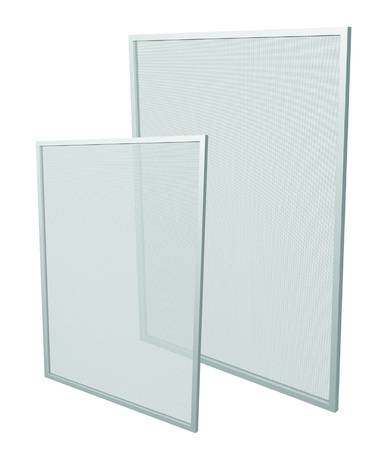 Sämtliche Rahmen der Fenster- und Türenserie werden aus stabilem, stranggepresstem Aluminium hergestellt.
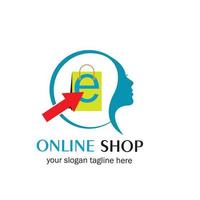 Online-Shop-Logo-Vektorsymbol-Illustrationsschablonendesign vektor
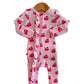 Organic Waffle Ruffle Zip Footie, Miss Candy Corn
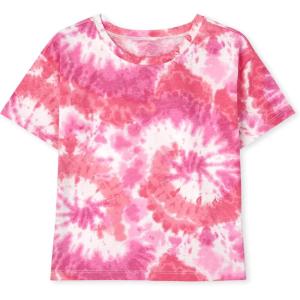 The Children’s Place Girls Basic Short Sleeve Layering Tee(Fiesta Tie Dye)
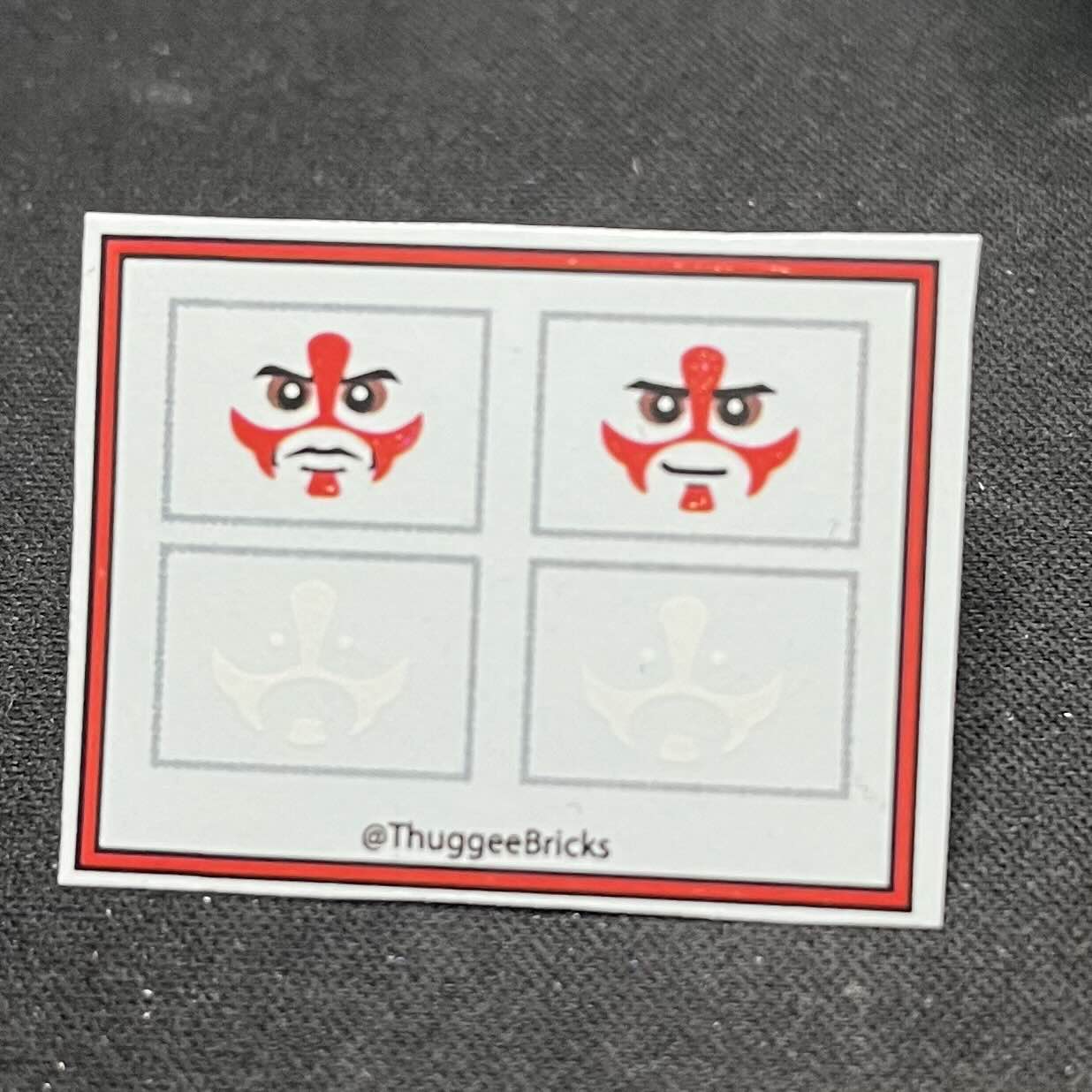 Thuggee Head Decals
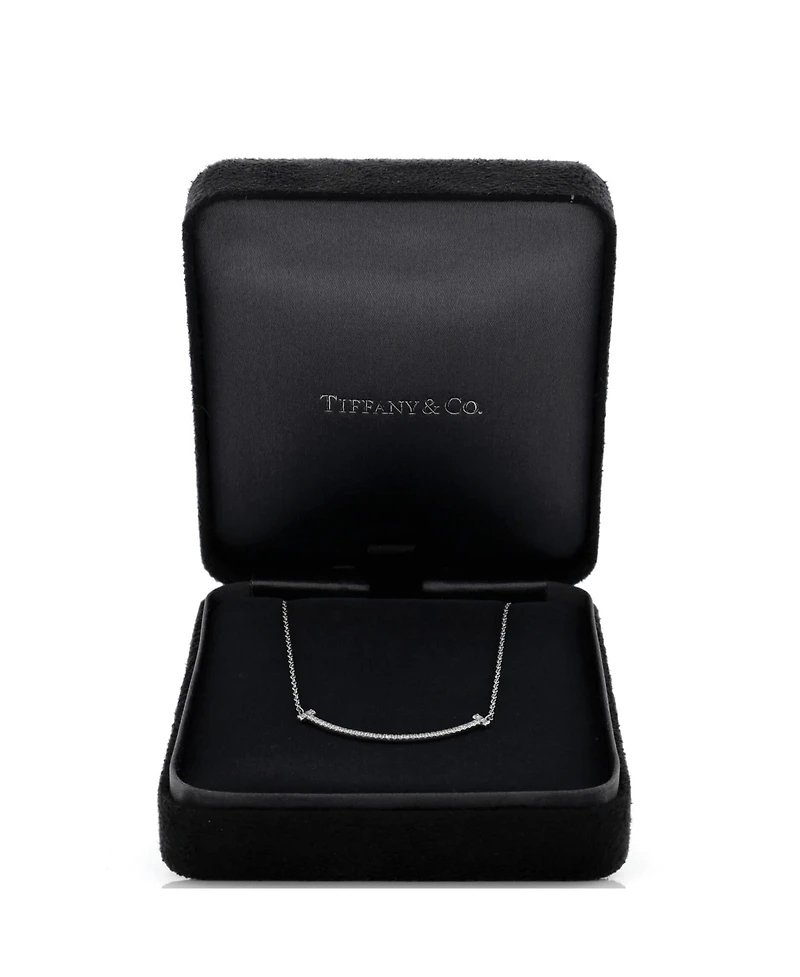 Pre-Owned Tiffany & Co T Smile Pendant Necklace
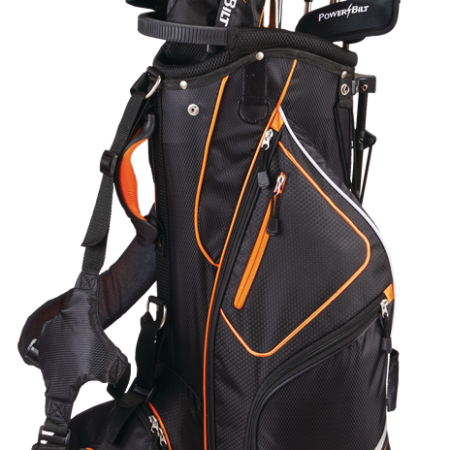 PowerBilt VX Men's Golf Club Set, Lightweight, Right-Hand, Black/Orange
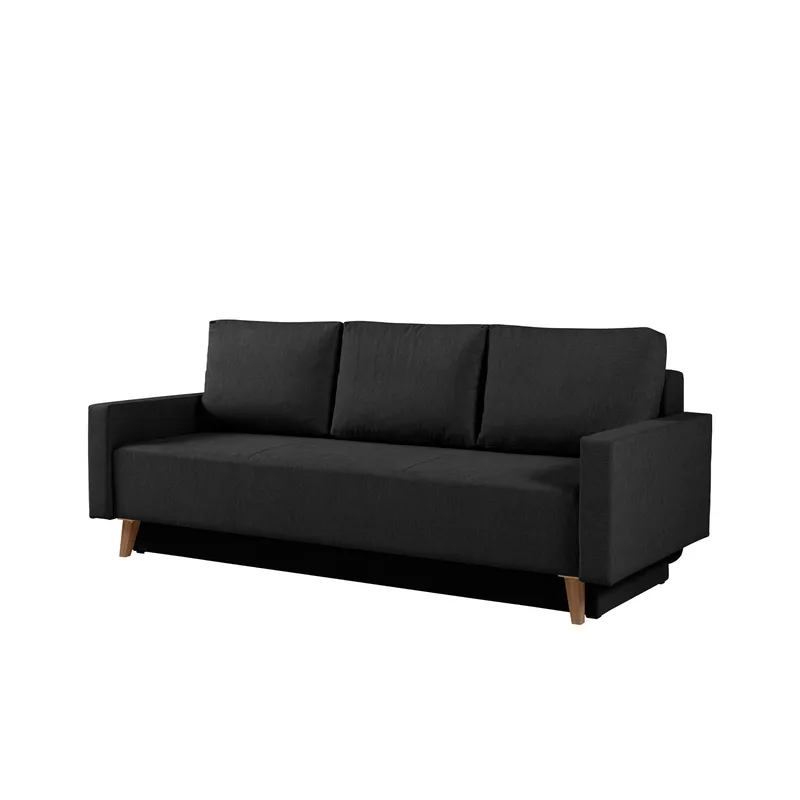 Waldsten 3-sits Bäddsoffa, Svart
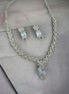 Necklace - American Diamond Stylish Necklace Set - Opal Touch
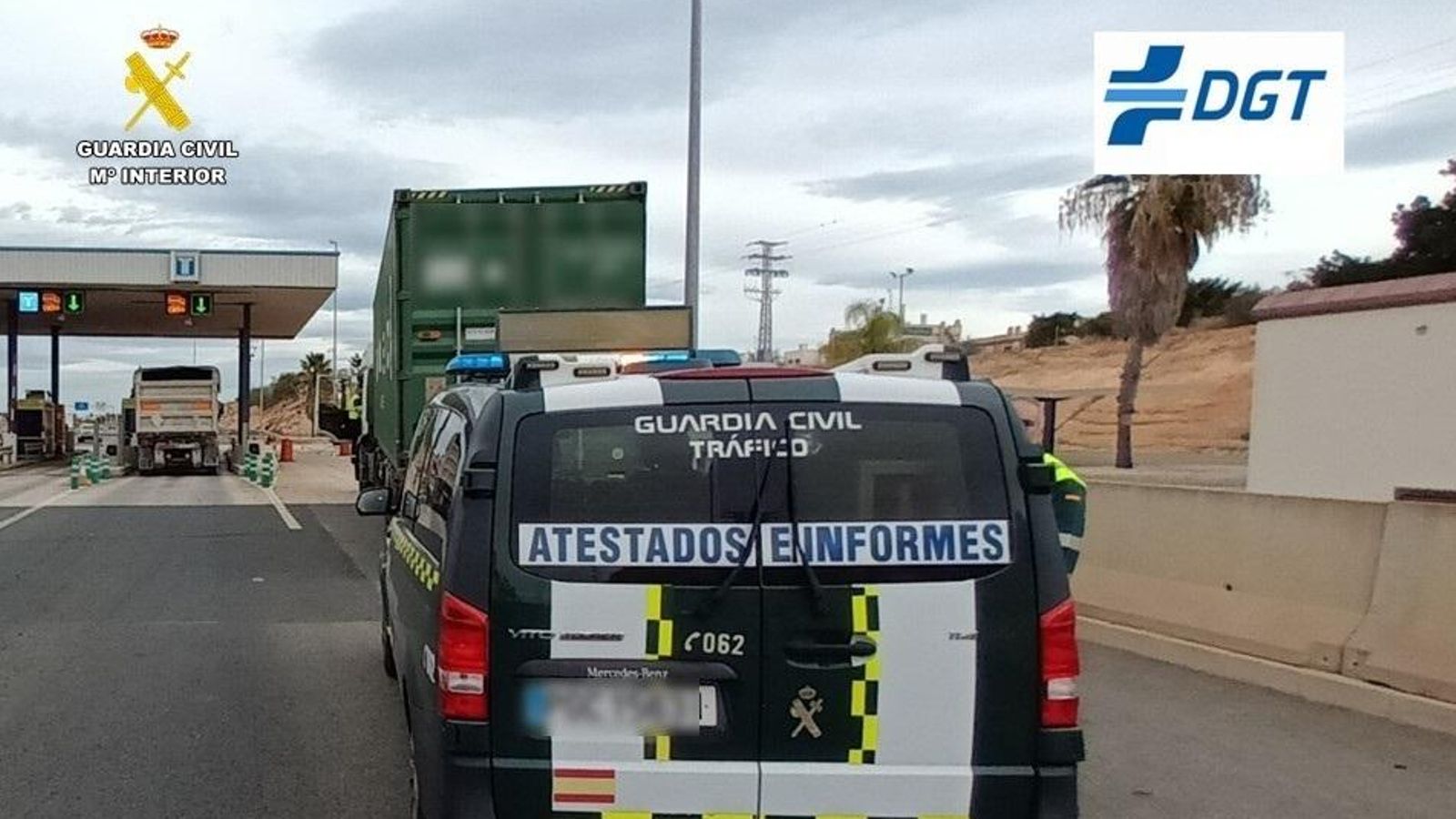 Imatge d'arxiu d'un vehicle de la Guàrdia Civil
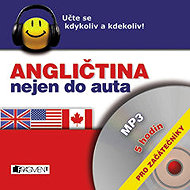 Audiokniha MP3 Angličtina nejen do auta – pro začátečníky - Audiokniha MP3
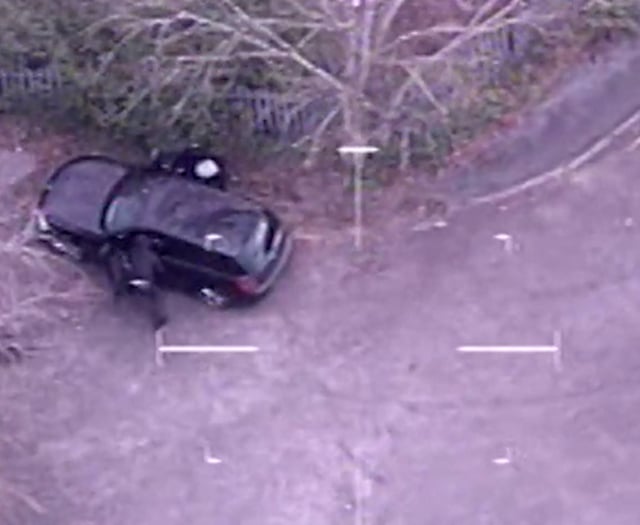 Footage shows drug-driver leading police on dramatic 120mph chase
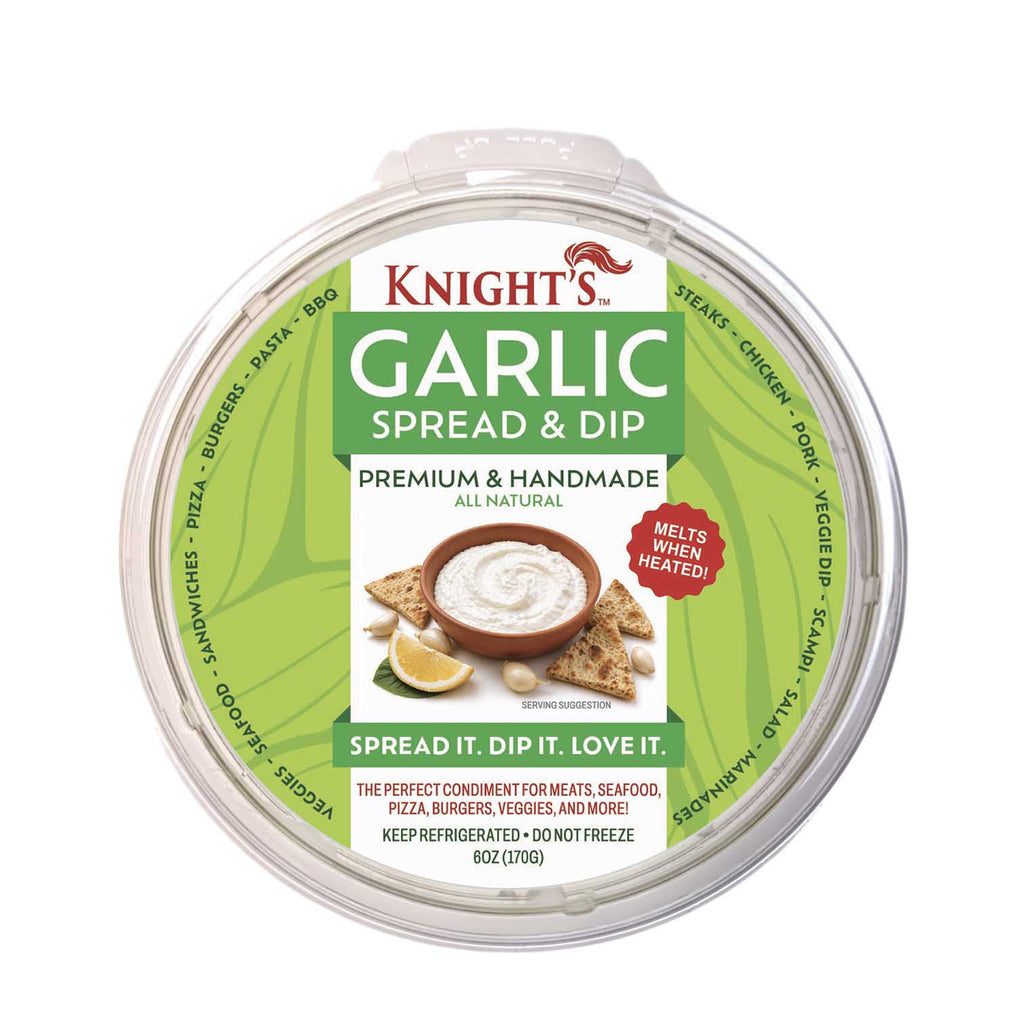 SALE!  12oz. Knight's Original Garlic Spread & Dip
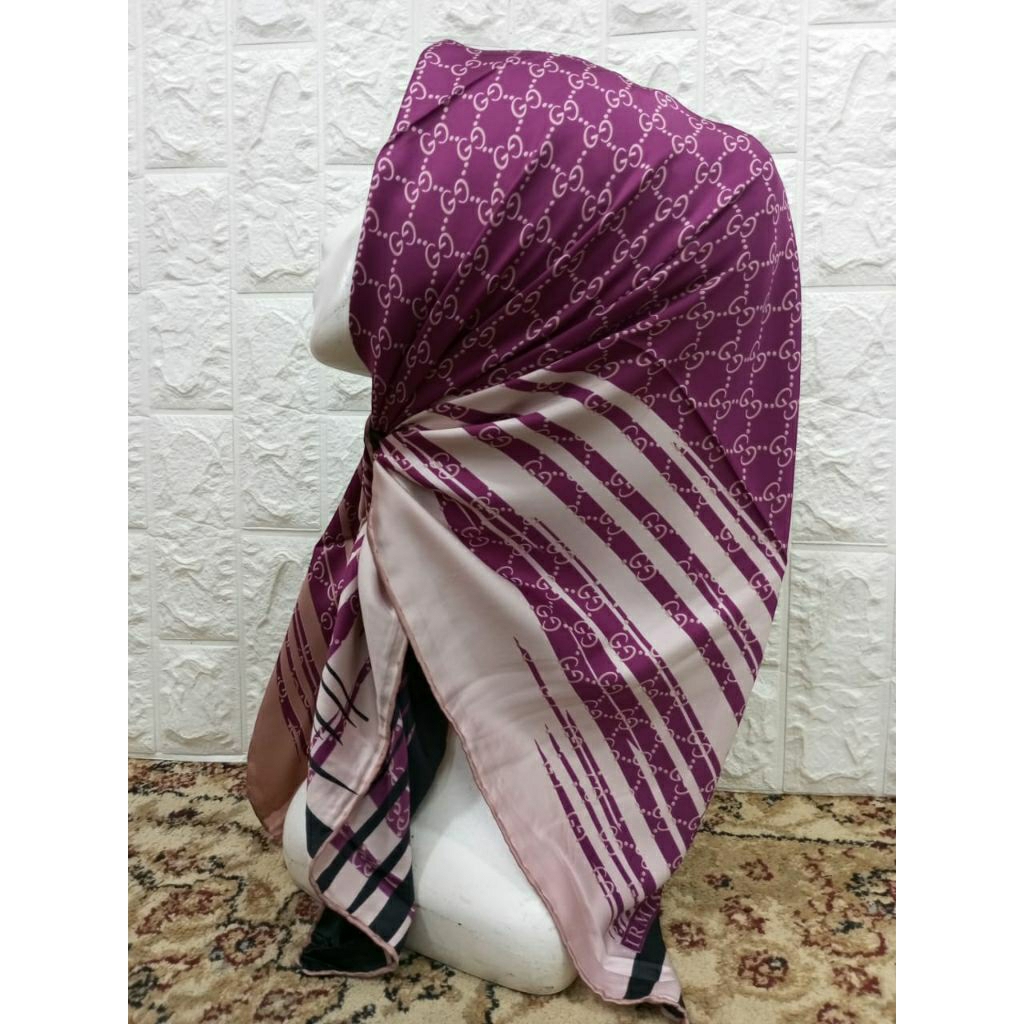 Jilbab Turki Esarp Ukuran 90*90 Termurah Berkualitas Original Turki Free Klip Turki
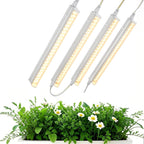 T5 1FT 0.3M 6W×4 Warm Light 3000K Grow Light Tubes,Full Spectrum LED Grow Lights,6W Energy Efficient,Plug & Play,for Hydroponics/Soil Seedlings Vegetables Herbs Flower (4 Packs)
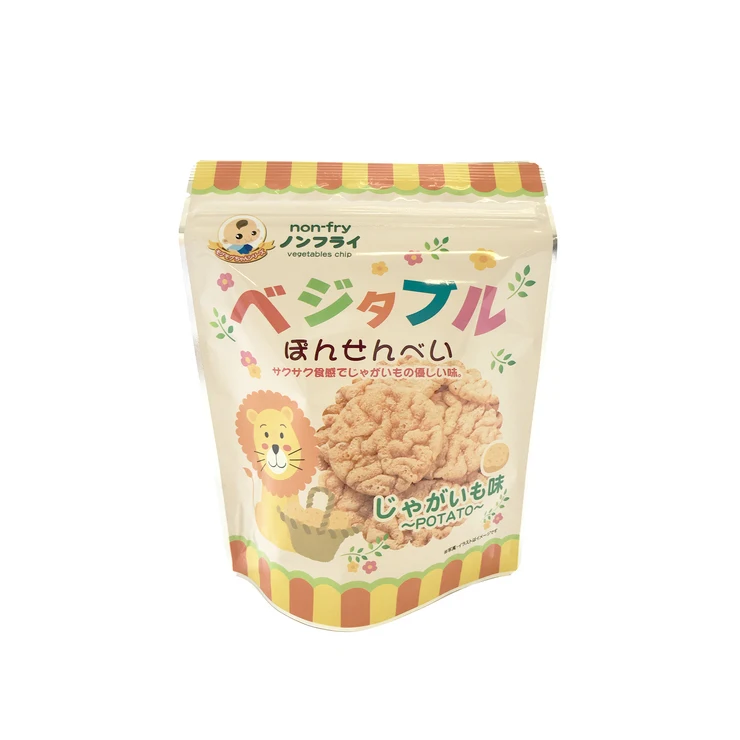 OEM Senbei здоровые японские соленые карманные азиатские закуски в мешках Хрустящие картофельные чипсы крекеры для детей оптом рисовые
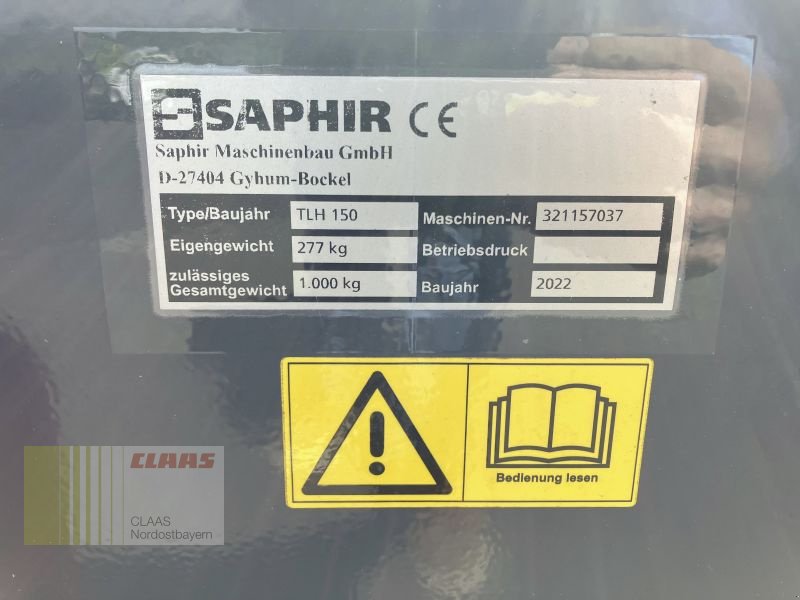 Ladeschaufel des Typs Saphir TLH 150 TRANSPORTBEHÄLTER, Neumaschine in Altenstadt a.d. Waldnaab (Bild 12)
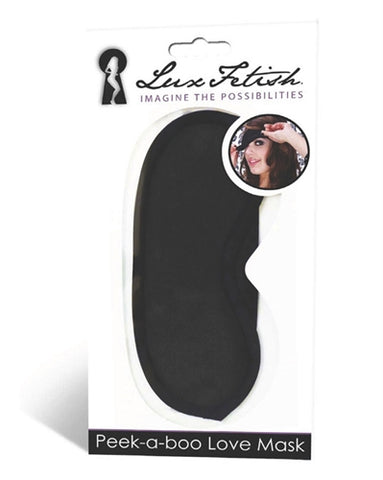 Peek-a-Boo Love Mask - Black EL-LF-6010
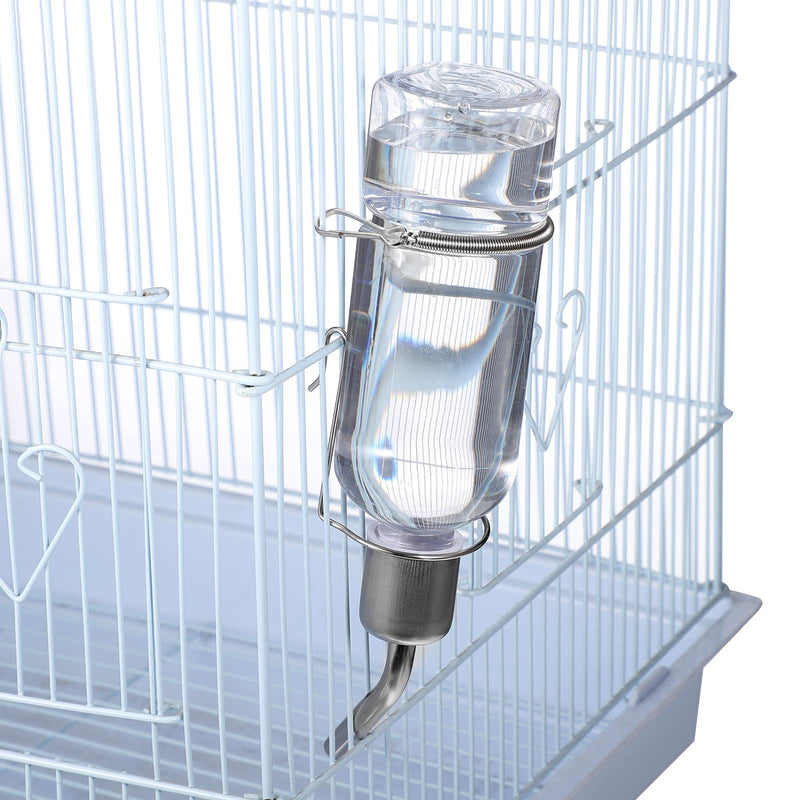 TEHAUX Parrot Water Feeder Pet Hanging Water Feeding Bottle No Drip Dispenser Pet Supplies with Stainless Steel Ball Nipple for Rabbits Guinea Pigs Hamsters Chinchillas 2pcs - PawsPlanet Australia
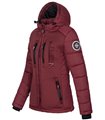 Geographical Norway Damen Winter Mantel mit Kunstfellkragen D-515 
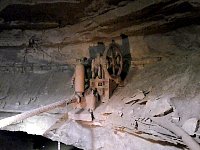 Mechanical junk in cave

• **What you will do**
Restate verbatim the lines that begin at the one holding "Audiokniha MP3 Angličtina" and end at the last line of the material. Exclude pictures.

• **Result of the exercise**
 Audiokniha MP3 Angličtina nejen do auta – pro začátečníky - Audiokniha MP3
 Footage shows drug-driver leading police on dramatic 120mph chase
 SALE!  12oz. Knight's Original Garlic Spread & Dip
 Jilbab Turki Esarp Ukuran 90*90 Termurah Berkualitas Original Turki Free Klip Turki
 T5 1FT 0.3M 6W×4 Warm Light 3000K Grow Light Tubes,Full Spectrum LED Grow Lights,6W Energy Efficient,Plug & Play,for Hydroponics/Soil Seedlings Vegetables Herbs Flower (4 Packs)
 OEM Senbei здоровые японские соленые карманные азиатские закуски в мешках Хрустящие картофельные чипсы крекеры для детей оптом рисовые
 Ladeschaufel des Typs Saphir TLH 150 TRANSPORTBEHÄLTER, Neumaschine in Altenstadt a.d. Waldnaab (Bild 12)
 Peek-a-Boo Love Mask - Black EL-LF-6010
 TEHAUX Parrot Water Feeder Pet Hanging Water Feeding Bottle No Drip Dispenser Pet Supplies with Stainless Steel Ball Nipple for Rabbits Guinea Pigs Hamsters Chinchillas 2pcs - PawsPlanet Australia
 Geographical Norway Damen Winter Mantel mit Kunstfellkragen D-515 
 Mechanical junk in cave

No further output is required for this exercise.